I do know autistic folks who have a sense of empathy and if someone is hurt for example, they will go help. I know non-autistic people who would just stand and watch someone who was hurt. Many autistic kids/adults learn to keep their emotional selves together, and work hard not to have anxiety attacks from change-by being scheduled, and rigid. They feel bad when they melt down, just like most people do.. They feel embarrassed when they do poorly. Many have the a kinkd of feeling of empathy and do know how to handle it.....others become immediately aloof when something unusual happens, like a person get's hurt, and they don't know what to do. Autistic people are not one size fits all......the label isn't a death sentence, and high functioning autistic folks may just as well struggle more in the social arena. I guess I'm not having a warm fuzzy feeling placing a disability category next to "crime committers" and comparing them.

Sociopaths....don't feel empathy....that's a fact. Can they be taught to feel? They have to care enough to want to learn.....and feeling has to do with wiring a brain. Can those connections be rerouted? The sociopaths I've known always thought they were right, didn't appear have a strong sense of guilt, and got serious emotional pleasure in harming others.... .......so I'm not thinking that it's not possible, but I am thinking that it's really unlikely....because so much of who they are would have to change...and they'd have to want to change, and feel that who they are is wrong......when their emotional "feel good" reinforcement is hurting others.....not being a good person and giving help to others.

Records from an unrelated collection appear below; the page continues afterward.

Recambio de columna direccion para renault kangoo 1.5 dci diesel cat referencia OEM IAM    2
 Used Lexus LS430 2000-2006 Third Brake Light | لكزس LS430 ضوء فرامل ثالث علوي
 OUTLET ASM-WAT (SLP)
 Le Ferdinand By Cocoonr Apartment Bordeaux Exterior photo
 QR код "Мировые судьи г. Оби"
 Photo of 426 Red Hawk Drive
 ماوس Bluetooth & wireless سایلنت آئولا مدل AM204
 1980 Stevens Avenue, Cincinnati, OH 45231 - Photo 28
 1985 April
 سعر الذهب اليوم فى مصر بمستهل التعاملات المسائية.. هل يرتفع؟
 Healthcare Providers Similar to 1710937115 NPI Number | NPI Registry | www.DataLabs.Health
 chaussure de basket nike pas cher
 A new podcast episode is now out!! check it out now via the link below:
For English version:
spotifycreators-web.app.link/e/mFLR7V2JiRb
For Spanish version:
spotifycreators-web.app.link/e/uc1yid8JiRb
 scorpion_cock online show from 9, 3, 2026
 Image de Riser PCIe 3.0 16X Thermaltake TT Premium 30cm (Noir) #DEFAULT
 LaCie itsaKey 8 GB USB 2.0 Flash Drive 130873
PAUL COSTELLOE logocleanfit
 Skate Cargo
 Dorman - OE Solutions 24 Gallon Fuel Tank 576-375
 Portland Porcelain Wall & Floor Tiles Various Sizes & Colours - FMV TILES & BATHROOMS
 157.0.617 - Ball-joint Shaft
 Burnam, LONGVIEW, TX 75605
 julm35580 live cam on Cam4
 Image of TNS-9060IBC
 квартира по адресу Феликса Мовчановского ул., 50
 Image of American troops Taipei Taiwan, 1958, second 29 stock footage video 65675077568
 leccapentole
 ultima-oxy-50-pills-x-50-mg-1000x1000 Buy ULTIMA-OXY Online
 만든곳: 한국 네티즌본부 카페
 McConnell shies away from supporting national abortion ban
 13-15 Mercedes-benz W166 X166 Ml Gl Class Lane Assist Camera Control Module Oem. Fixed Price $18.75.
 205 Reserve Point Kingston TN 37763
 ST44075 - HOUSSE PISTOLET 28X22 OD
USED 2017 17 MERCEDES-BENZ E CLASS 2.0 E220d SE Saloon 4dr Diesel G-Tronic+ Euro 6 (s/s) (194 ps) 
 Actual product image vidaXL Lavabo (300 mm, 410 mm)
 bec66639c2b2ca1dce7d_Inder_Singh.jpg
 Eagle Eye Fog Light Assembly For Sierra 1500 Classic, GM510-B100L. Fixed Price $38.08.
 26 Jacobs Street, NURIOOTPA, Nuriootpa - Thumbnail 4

Desperate people commit crimes.......when in desperate situations...... Lost people, not emotionally connected to society or family, commit crimes....maybe to reduce their own pain like sell/use drugs or drive drunk. Temptation, a situation that avails itself, makes others commit a crime who are on the edge........where on a different day, they might not have. And stupidity, makes another sector of the population commit a crime. Not thinking through to the consequences. Finally, emotions may push one person (due to desperation) to commit a crime.

These are three very different topics....and really complicated with lots of whys and wherefores.....

Might I commit a crime? The answer is clearly yes. When? When I was desperate enough....hungry enough....lost enough.....dying and wanted it to end my misery or I could save someone I loved. Would I hurt someone else in the process....I would hope not but it would all be about the situation....I would do my best not to harm anyone......yeah, that's wrong. But, clearly....look around the world, Desperate people do desperate things and in that moment.....they put away their feelings for either survival, love or comfort.